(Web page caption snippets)

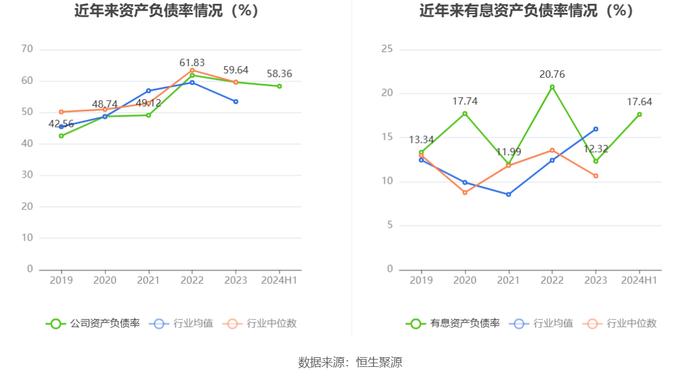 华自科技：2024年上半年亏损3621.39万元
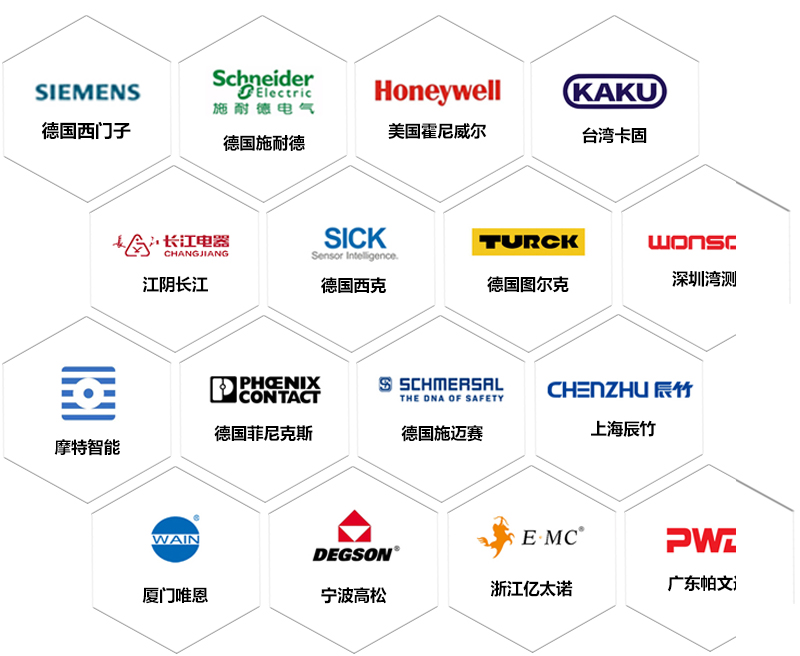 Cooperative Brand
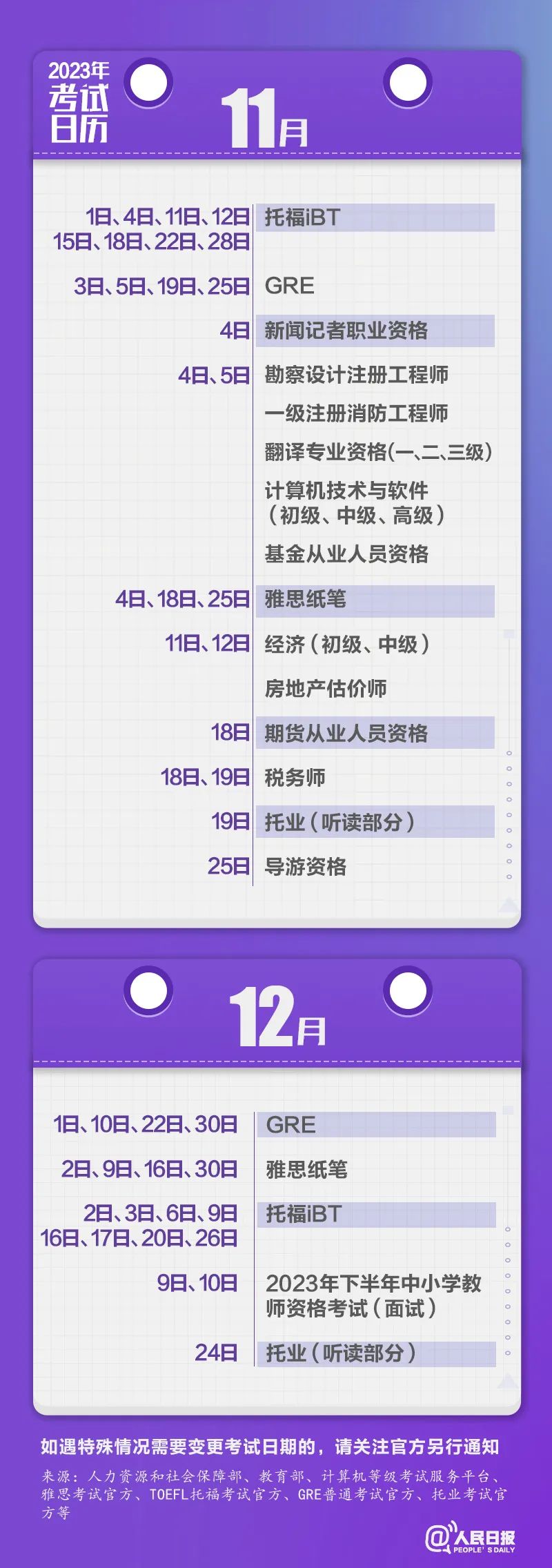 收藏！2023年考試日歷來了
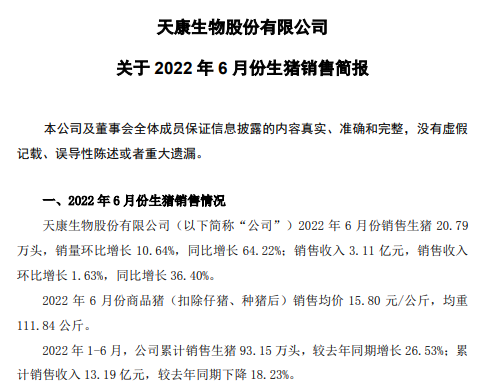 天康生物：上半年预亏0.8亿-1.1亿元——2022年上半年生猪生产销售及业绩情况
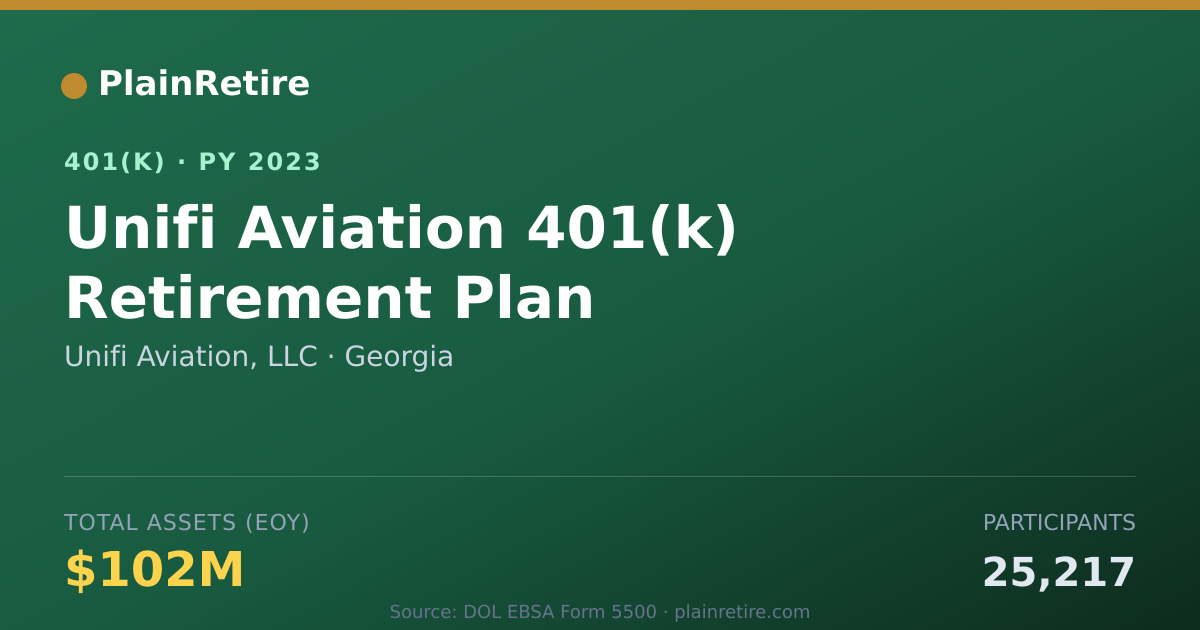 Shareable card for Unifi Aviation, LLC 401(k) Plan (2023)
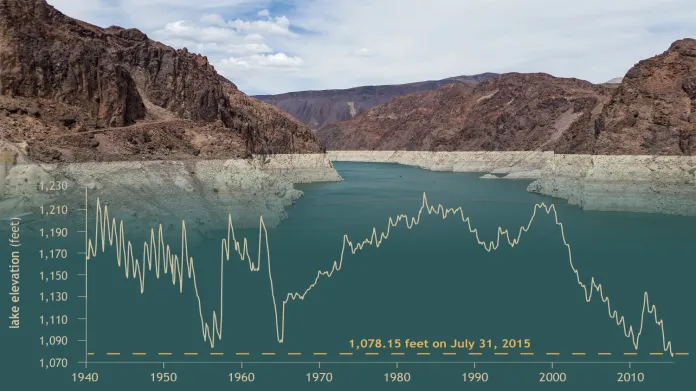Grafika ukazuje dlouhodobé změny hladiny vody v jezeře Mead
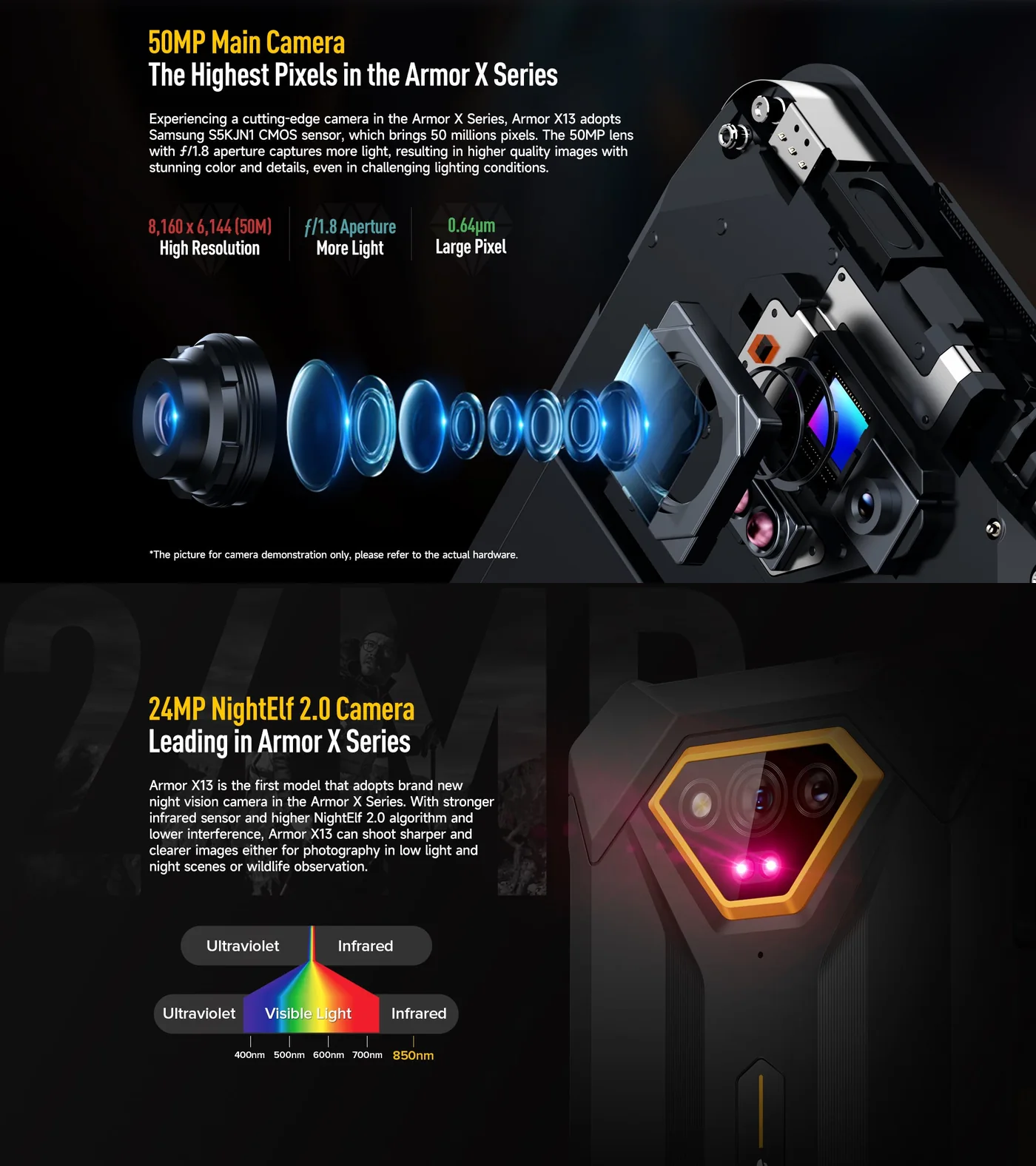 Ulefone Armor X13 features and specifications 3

Instructions to follow
Only lines from the one holding "Cooperative Brand" through the last line of the entries above are wanted, both ends included, each retyped exactly; no pictures.

Answer space
 Cooperative Brand
 收藏！2023年考試日歷來了
 天康生物：上半年预亏0.8亿-1.1亿元——2022年上半年生猪生产销售及业绩情况
 Shareable card for Unifi Aviation, LLC 401(k) Plan (2023)
Grafika ukazuje dlouhodobé změny hladiny vody v jezeře Mead
 Ulefone Armor X13 features and specifications 3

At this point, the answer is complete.